Required work:
Could you copy exactly the lines from the one containing "5 alternative open" through the last line of the records, leaving out every picture?

----

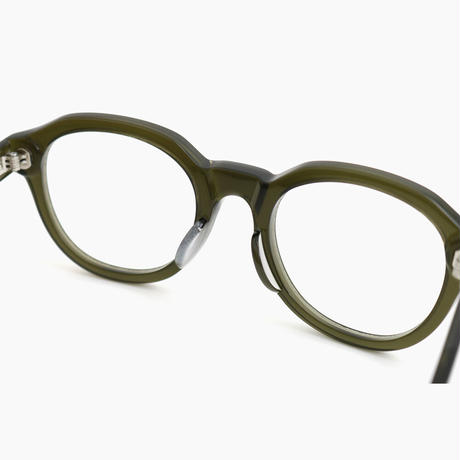 <UNIVERSAL PRODUCTS. + Noritake x The PARKSIDE ROOM>tpr-006  [KHAKI]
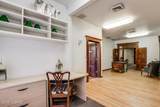325 Franklin Street - Photo 8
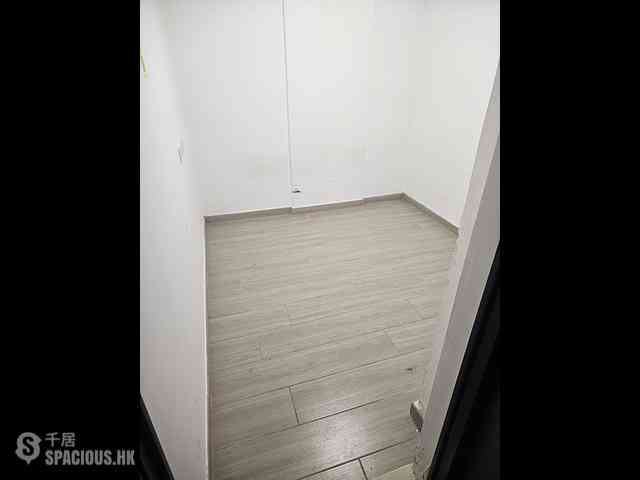 Tin Hau - Ernest Court 08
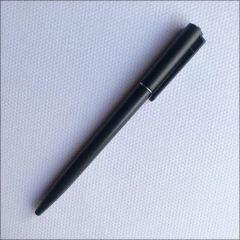Promotional Pen - Image 1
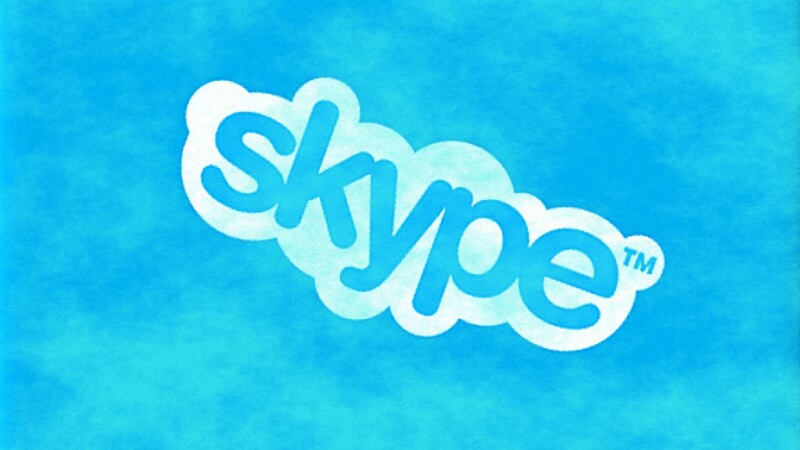 5 alternative open source pentru Skype - GNU/Linux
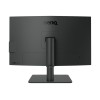 Benq | USB-C Designer Monitor | PD2705U | 27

----

Response area:
 5 alternative open source pentru Skype - GNU/Linux
 Benq | USB-C Designer Monitor | PD2705U | 27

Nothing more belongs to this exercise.